While the trade war between China and the United States may be cooling, restrictions on Chinese listings in the United States are heating up.
NASDAQ announced a proposed restriction on initial public offerings below US$25 million, requiring that such companies sell stock at least equal to 25% of their post-listing market capitalization - a move expected to have a disproportionate impact on smaller Chinese companies. Such companies have been criticized as not attracting sufficient market attention and developing a large enough public float to provide the depth of financial analyst coverage and liquidity necessary for orderly trading.
In addition, and with potentially even more cutting impact, in May NASDAQ proposed codifying its authority to impose more stringent listing criteria where there are PCAOB audit deficiencies. A bipartisan Senate bill would also prevent a Chinese company from listing if it does not meet U.S. audit standards.

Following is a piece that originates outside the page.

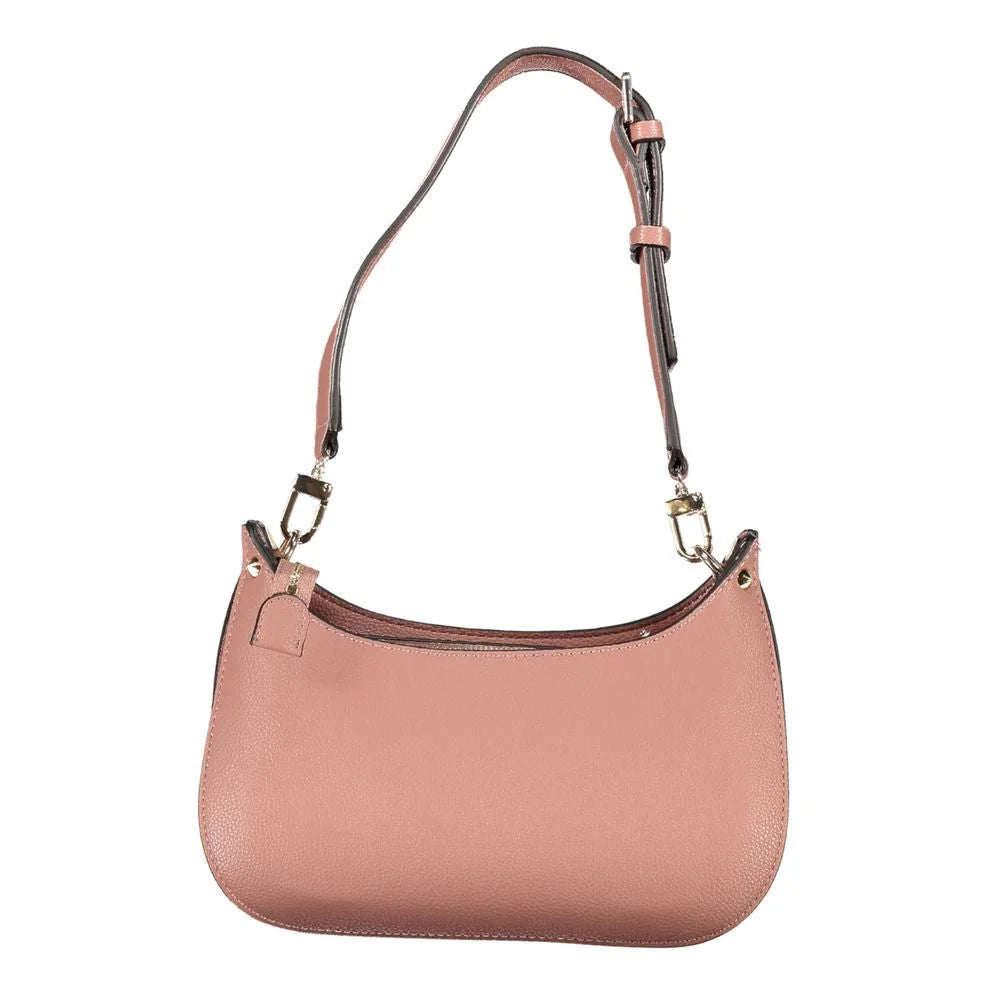 Guess Jeans Pink Polyethylene Handbag - Half-Moon Bags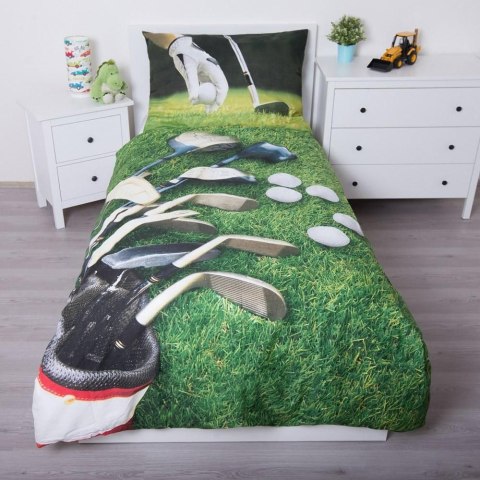 Pościel bawełniana 140x200 Golf pole golfowe zielona 4997 poszewka 70x90 dla fana miłośnika golfa Pościel bawełniana 140x200 Golf pole golfowe zielona 4997 poszewka 70x90 dla fana miłośnika golfa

These moves are in response to the long struggle between the PCAOB (a non-profit corporation created under the Sarbanes-Oxley Act to oversee audits of public companies in the United States) and the Chinese government over the PCAOB’s ability to inspect audit work performed in China. The refusal to allow PCAOB access has been criticized by as resulting in dubious financial reporting by Chinese firms.
Where once Chinese companies saw opportunity in a U.S. listing, NASDAQ’s and the Senate’s recent moves are yet another step in the trend away from U.S. equities markets for Chinese companies. Still, despite waves of delisting by Chinese companies, as of February 2019 the U.S.-China Economic and Security Review Commission reported 156 Chinese companies listed on U.S. exchanges with a total market cap of US$1.2 trillion.